31 July 2000
HANG SENG BANK 2000 INTERIM RESULTS ANNOUNCEMENT
Statement by Mr Vincent H C Cheng
Vice-Chairman and Chief Executive
Good afternoon ladies and gentlemen, and thank you for joining us today.
I am pleased to announce a record high half-year attributable profit for Hang Seng Bank which exceeds general market expectations, and the launch of our internet banking service tomorrow, which will build an even firmer foundation for our business.
For the first time in the Bank's history, we are doing a live webcast. This highlights our commitment to the e-world, and to bringing services and information to our stakeholders with speed and convenience.
Hang Seng's encouraging performance in the first half of 2000 was a result of: * Satisfactory growth in non-interest income, largely due to our successful wealth management initiatives; * Strict cost discipline, which saw our cost-to-income ratio improve to a record low 22.6%; and * A substantial reduction of 89.5% in the charge for bad and doubtful debts, reflecting the improvement in asset quality.
These results were achieved notwithstanding the payment of the HKD7.8 billion special interim dividend last November, and against a backdrop of intense competition and margin pressure in the banking sector. They reflect the progress in implementing our Managing for Value strategy, and our core operating principles of financial prudence, operational efficiency and service excellence.
Operating profit before provisions increased by 5.0% to HKD5,964 million compared with the first half of last year, mainly due to satisfactory growth in other operating income. Net interest income for the first half would have been about HKD234 million higher without the payment of the special interim dividend. If we were to include that sum, operating profit before provisions would have risen by 9.1%.

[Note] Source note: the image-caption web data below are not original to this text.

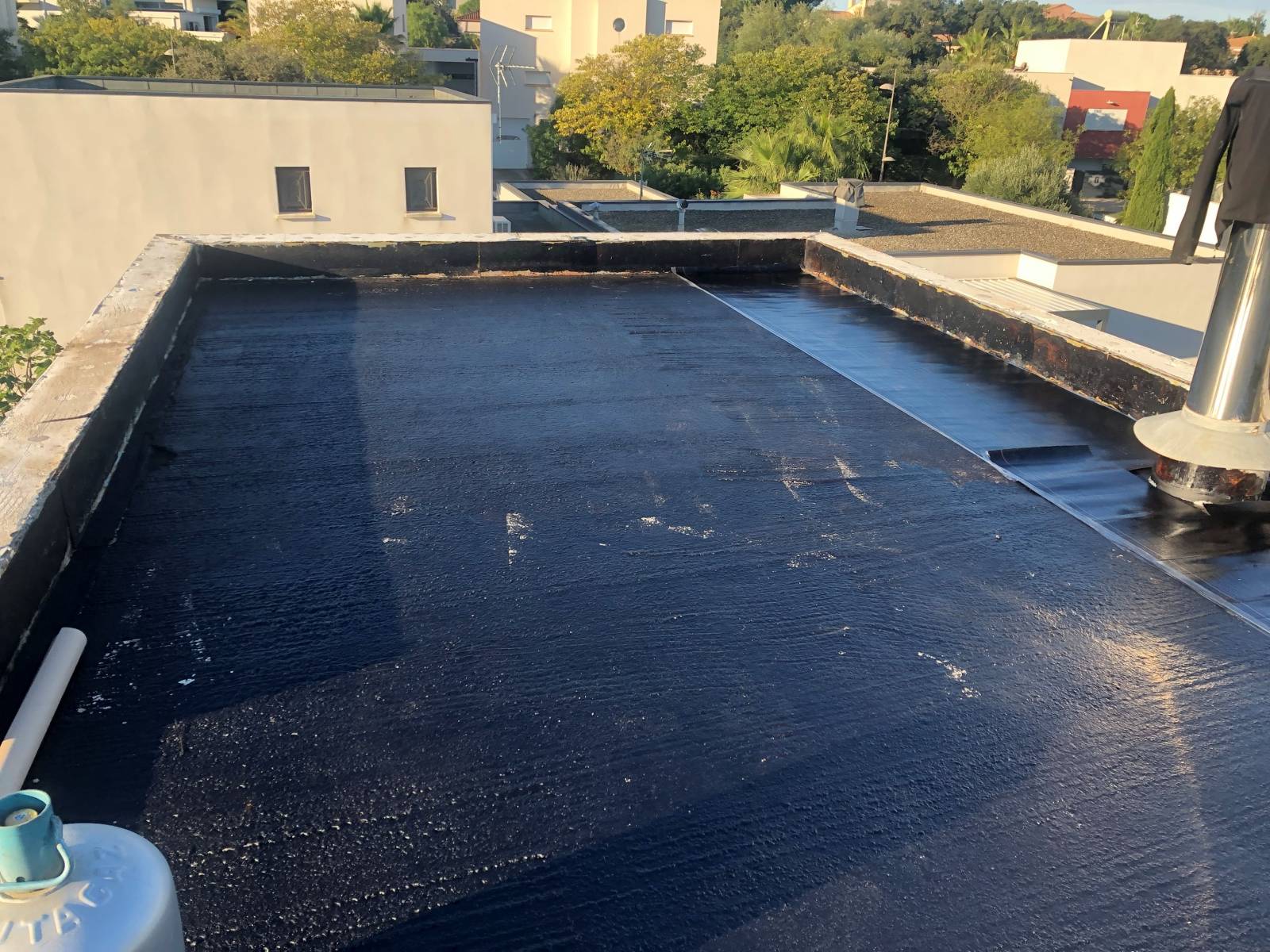 Rénovation toiture terrasse à Béziers dans l'Hérault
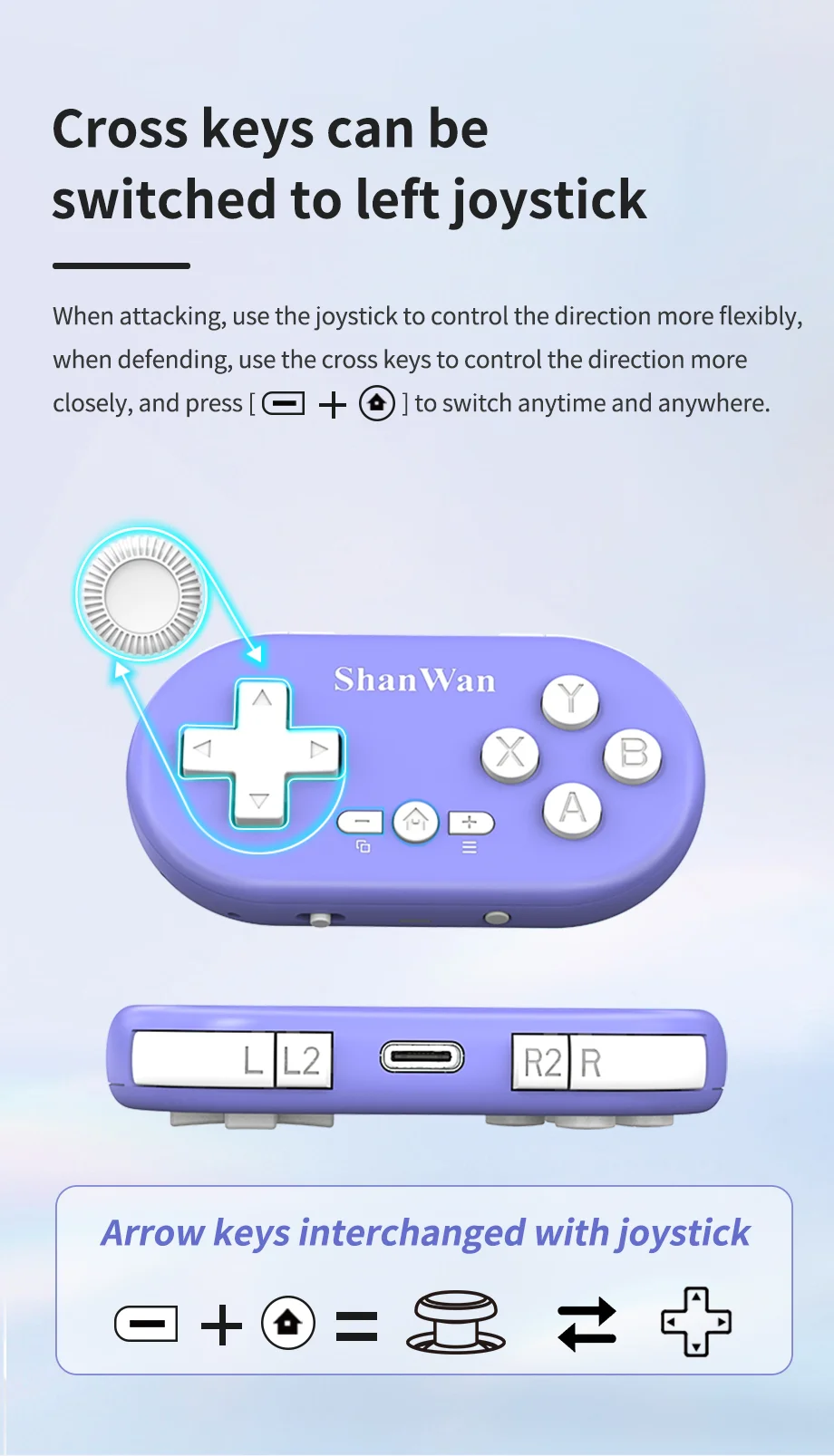 Mini Gamepad Gaming Control Bluetooth For iPhone Android PS4 PS3 Switch Xbox Mobile IOS PC TV Controller Wireless Game Pad Phone photo 5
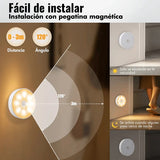 Foco LED Recargable con sensor de movimiento  (X2 unds)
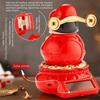 Solar Powered Solar Caishen Sculpture Auto Shaking Car Ornaments  Home Decoration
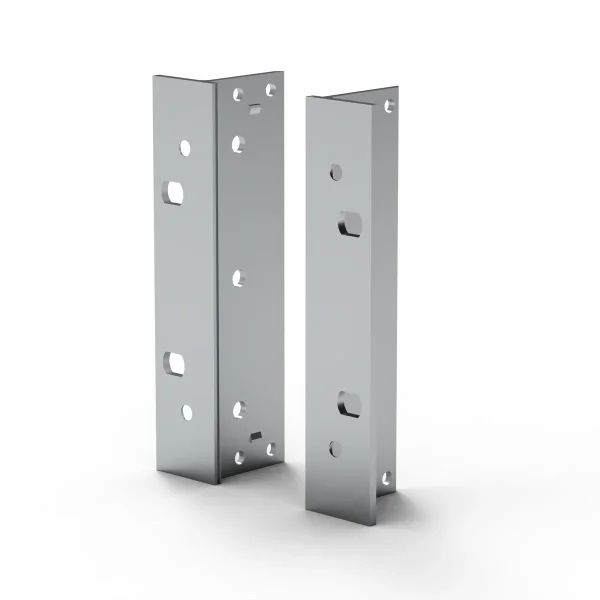 SCHROFF 19''-Winkel Typ F mit Grifflöchern für Edelstahldichtung - 19" WINKEL 3HE M.GR. 2STK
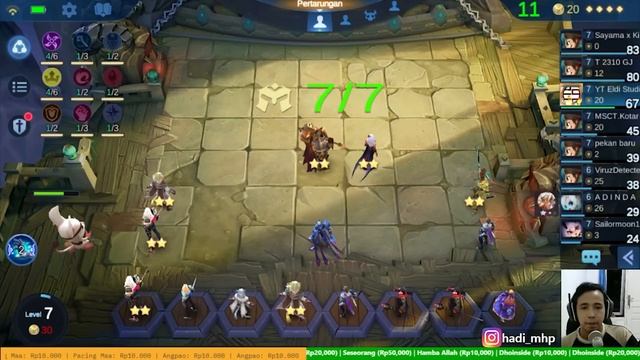 ASSASIN PALING GENDUT BOYS!! 4 HERO ⭐⭐⭐ FT. CRYSTAL BUKU HASCLAW!! MAGIC CHESS INDONESIA смотреть онлайн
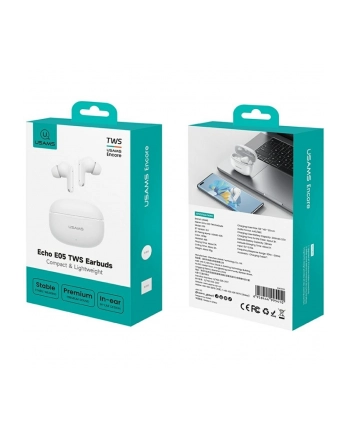usams Słuchawki bluetooth 6.0 E05 TWS białe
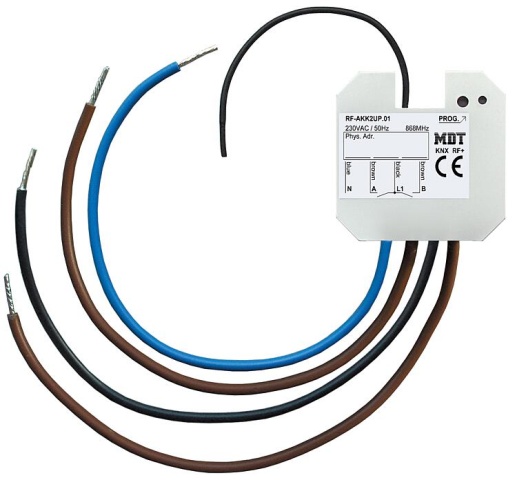 Actuador de interruptor por radio MDT KNX RF+ 2 veces, empotrado, 10 A, 230 V AC NUEVO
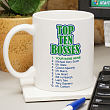 Personalized Top Ten Bosses Coffee Mug 229880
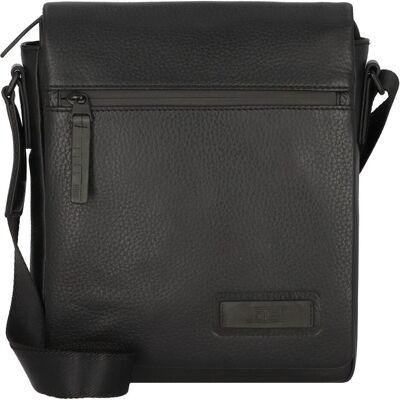 Jost, Herren, Handtasche, Umhängetasche Stockholm Shoulder Bag Flap S, Schwarz Jost, Herren, Handtasche, Umhängetasche Stockholm Shoulder Bag Flap S, Schwarz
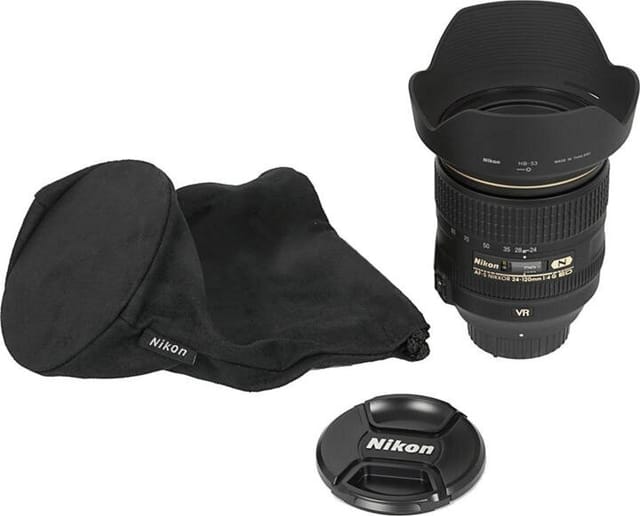 Товар Объектив Nikon 24-120mm, f/4, ED VR, AF-S, зум, 5х, для Nikon F, черный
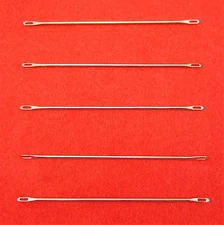 New 5 Pcs. Double-eye-needle 4.5 - 5.0 mm for Knitting Machines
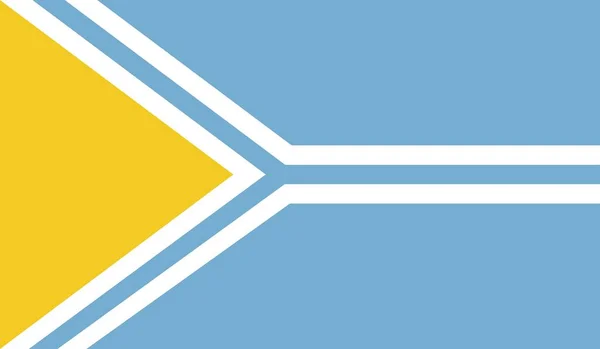 Официальная Иллюстрация Символа Тувинского Национального Флага — стоковое фото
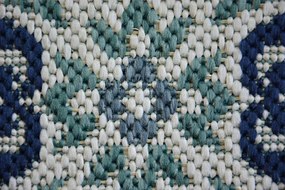 Koberec COLOR 19246/969 SISAL Kvety biely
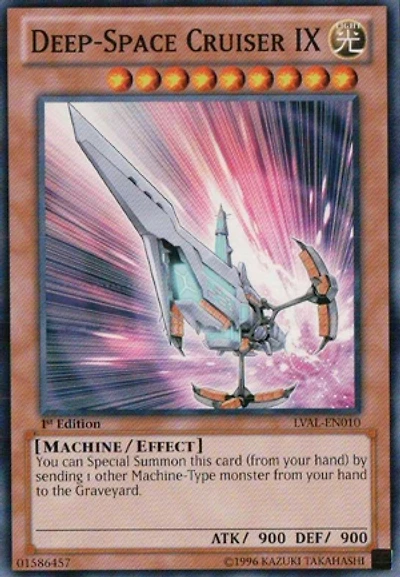 Deep-Space Cruiser IX - LVAL-EN010 - Common - 1st Edition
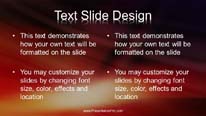 Animated Abstract 0013 B Widescreen PowerPoint Template text slide design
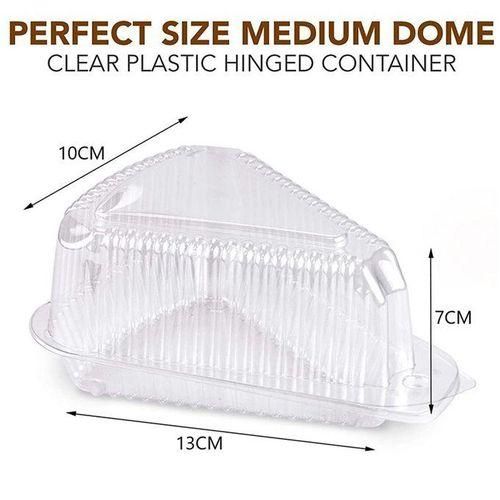 915 Generation 100Pcs Triangle Cheesecake Boxes Slice Cake Box Triangle Pie Holders Cake Boxes for Party Wedding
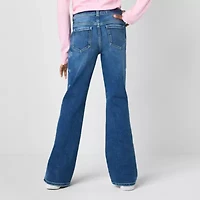 Thereabouts Little & Big Kid Girls Flare Leg Jean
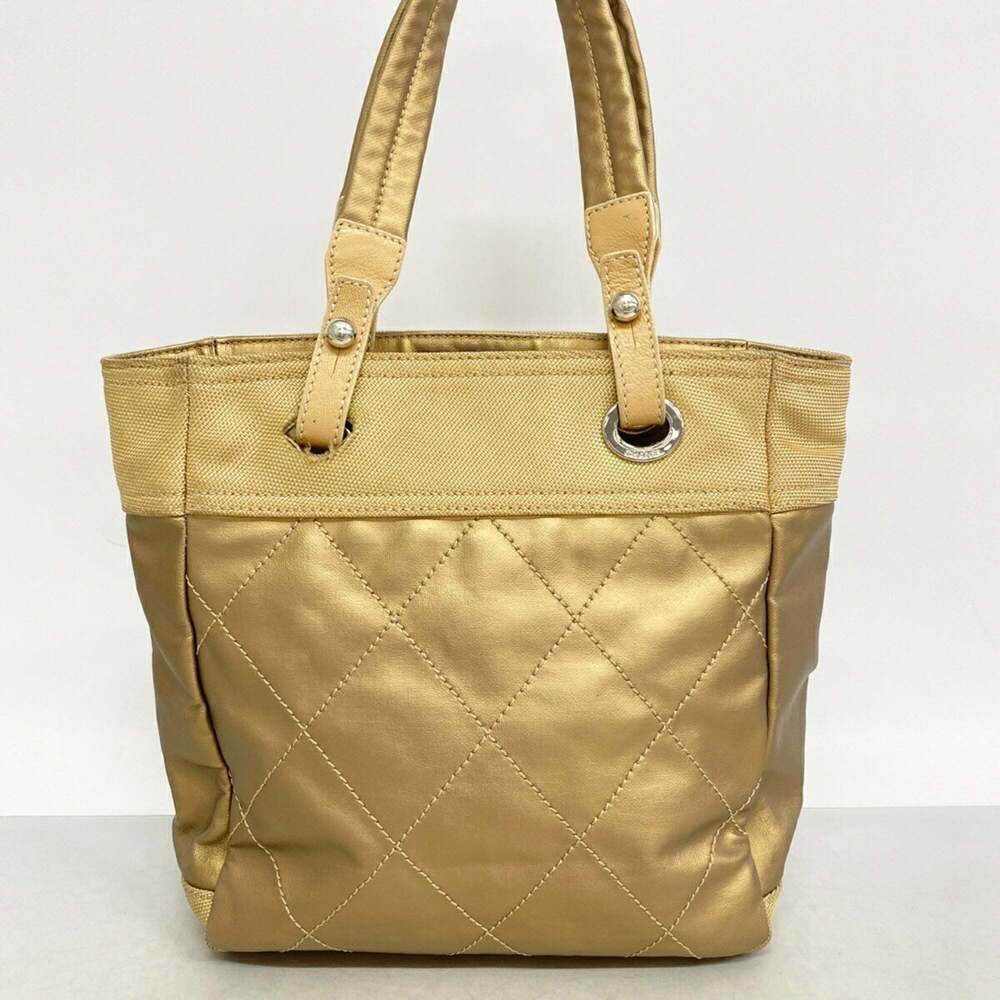 CHANEL Cream Coated Canvas Tote Bag - Picture 11 of 12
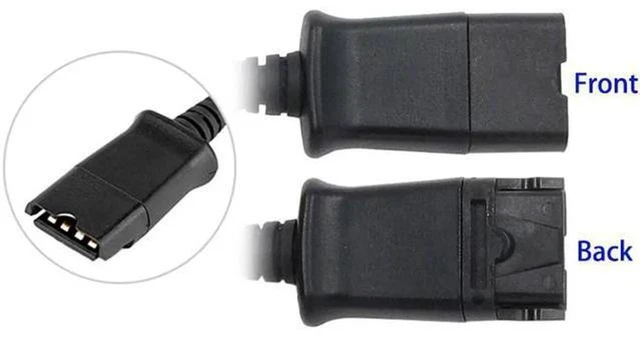 Alt view image 2 of 5 - AJMRTC QD Quick Disconnect Call Center Headset Cable, QD to Single 3.5mm Audio Plug Adapter Cord for PC Laptop Customer Service Agent Headphone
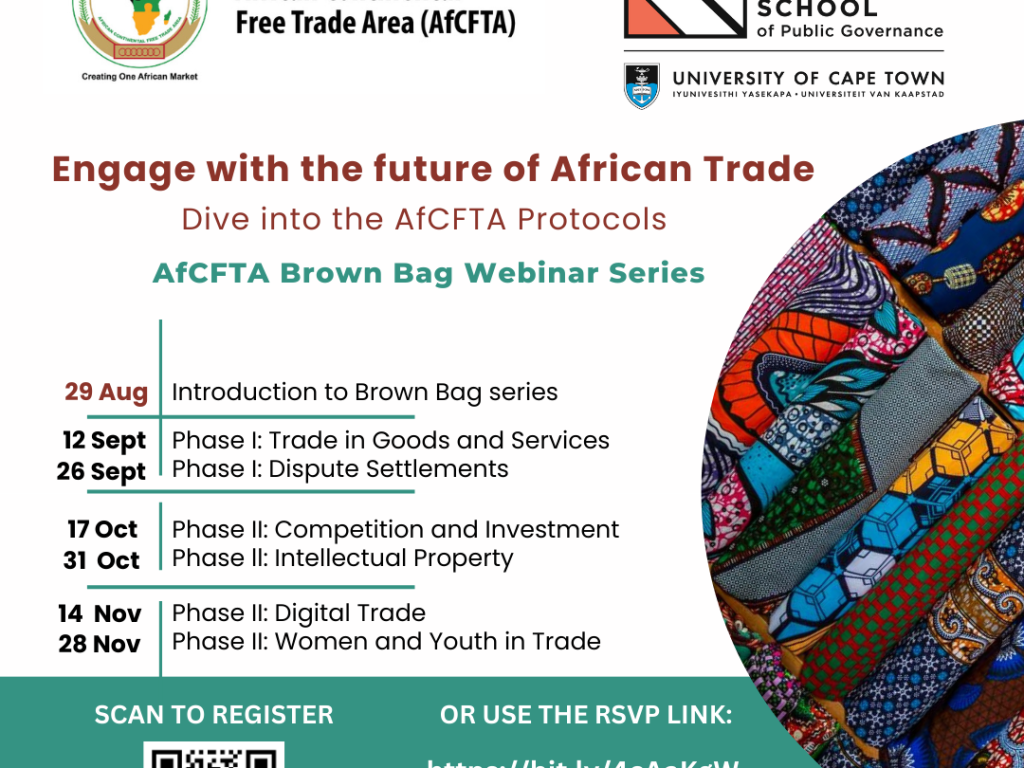 NMS Brown Bag series on AfCFTA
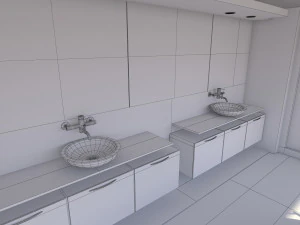 Bathroom 07 3D Model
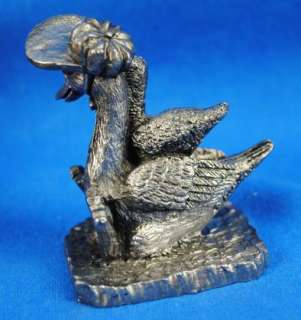 Vintage Pewter Mother Goose Ricker Figurine 1987 9139  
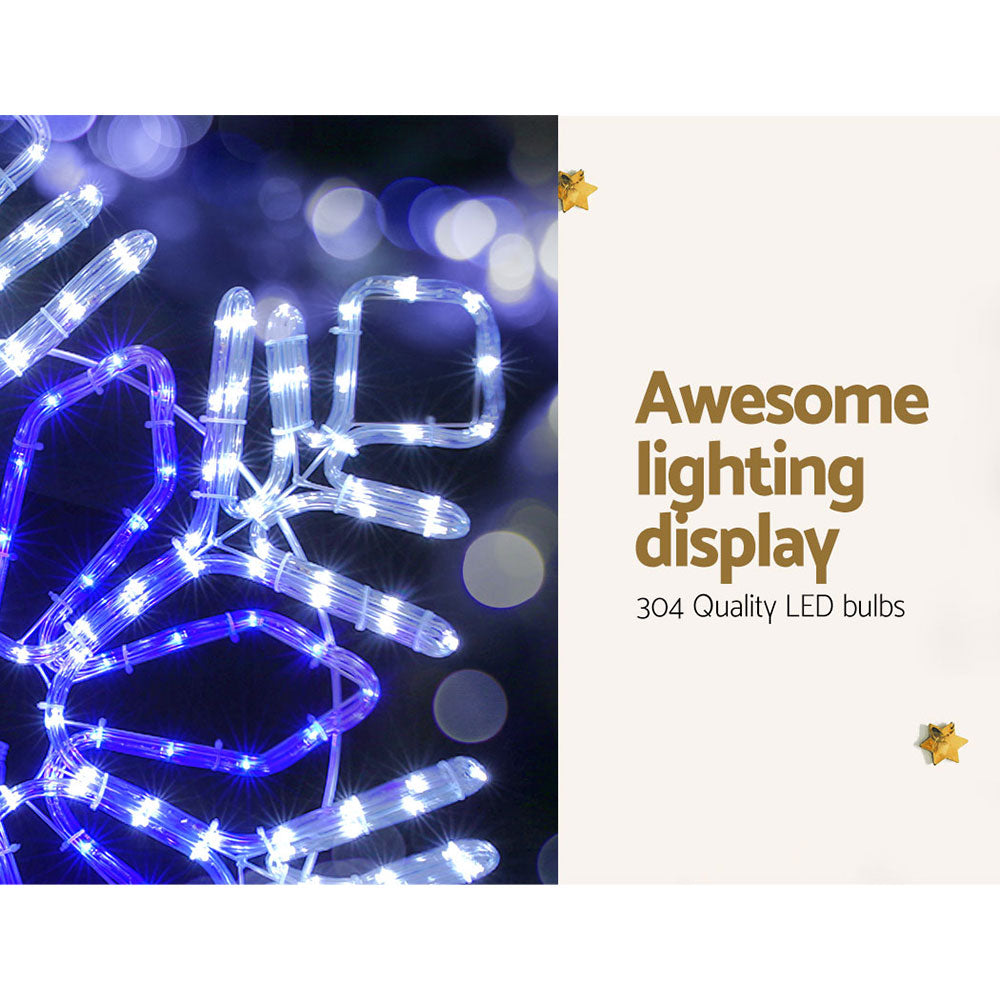 Jingle Jollys Christmas Lights Motif LED Light Outdoor Decorations 82cm Snow-Occasions &gt; Christmas-PEROZ Accessories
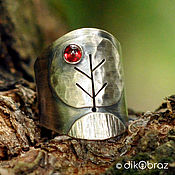 Украшения handmade. Livemaster - original item Ring Silver Trees wide. Handmade.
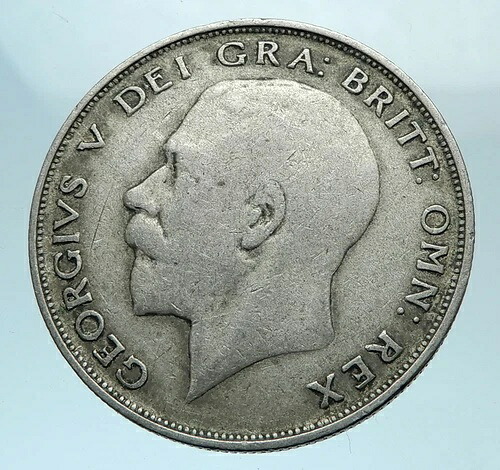 1922年 イギリス 英国 ジョージ5世 シルバー ハーフクラウン コイン i78182|WORLD RESOURCE【QUEEN店】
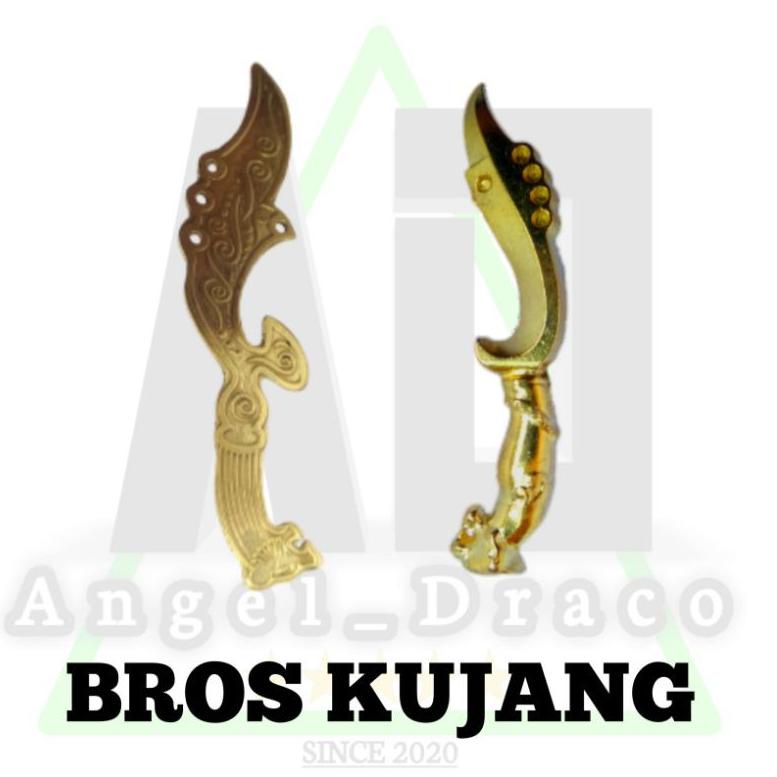 [KODE 1920] Pin Kujang / Pin Kujang Sunda / Bros Kujang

Pre-tax profit was up by 21.0% to HKD6,104 million, after including the profit on disposal of locally-listed equities.
Profit attributable to shareholders rose by 21.9% to HKD5,195 million, a record high for a half-year. Earnings per share were 22.0% higher at HKD2.72.
The Directors have declared a first interim dividend of HKD2.00 per share, an increase of 25.0% from last year.
Total assets as at 30 June were up by 7.9% to HKD477.0 billion from the end of last year. The return on average total assets was 2.3%, compared with 2.0% for the first half of 1999.
Shareholders' funds rose by 0.8% to HKD39.9 billion from six months earlier. The return on average shareholders' funds improved to 25.3%, from 18.0% for the first half of last year.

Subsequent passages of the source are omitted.